1) There is something that has extraordinary powers that knows the intimate details of your life, your mind, and your intentions even before you act.

2) This thing with extraordinary powers has a specific agenda, and will punish you if you do not comply with that agenda.

3) There is no direct evidence (only indirect evidence) that this thing with extraordinary powers exists and acts within the world.

When this “something” is the Illuminati or “The Jews” or a top-secret government cabal that nobody has ever heard of, we refer to these beliefs as a “conspiracy theory”. But when the “something” is God, we refer to the exact same set of beliefs simply as “religion”.

And that is just the surface similarity.

But above and beyond that, there is also a similarity in the way these beliefs are treated by people when they are thinking.
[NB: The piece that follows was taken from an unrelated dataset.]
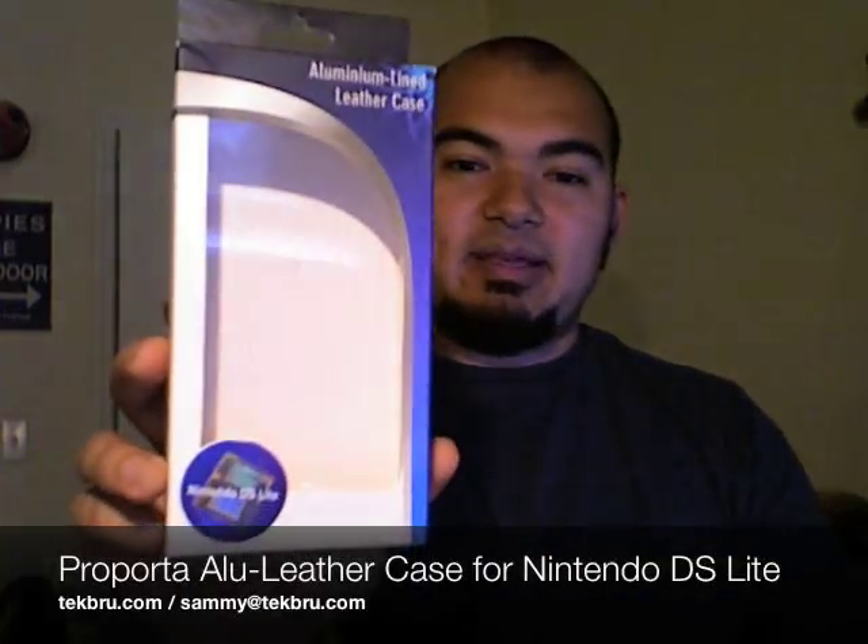Hey guys, this is Sammy from techbrew.com and today I'm going to be reviewing the Purporta aluminum lined leather case for the Nintendo DS Lite.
Psychologists and anthropologists who study religious belief have long recognized that religious beliefs operate in a manner that is different from “regular beliefs”. Religious beliefs are constructed in a way that is inherently non-falsifiable. There exists no experiment that can falsify the existence of angels, or of an afterlife, or of a God that answers all prayers. Even events that might appear on their face to deny the belief can be interpreted in a way that is not threatening to the core belief itself (e.g. “God works in mysterious ways” or “God answers all prayers, but sometimes the answer is ‘no’.”)

This is different from your normal day-to-day beliefs about the world. You believe that your friend is home, but if you go to your friend’s house and see that it is empty, you do not construct an elaborate explanation that allows you to continue the belief in the face of this new evidence: you simply stop believing that your friend is home.

Conspiracy theories, on the other hand, function exactly like religious beliefs. Any evidence that can be interpreted as consistent with the theory will be seen as supporting evidence, whereas any evidence that is inconsistent will be seen as part of the “great plan” that is obfuscating the truth.  Moreover, the belief itself is taken as a given that need not be proved.  On the contrary, the believer in a conspiracy theory (much like a believer in God) will ask a person who does not believe to prove that the theory is false.

 


 

So this raises an interesting question: Are “conspiracy theories” and “religion” just similar and overlapping mental constructs, that maybe draw on some of the same underlying elements?

Or is it more simple than that?

Is belief in God just an example of the biggest, most popular, most widely-accepted conspiracy theory in all of human history?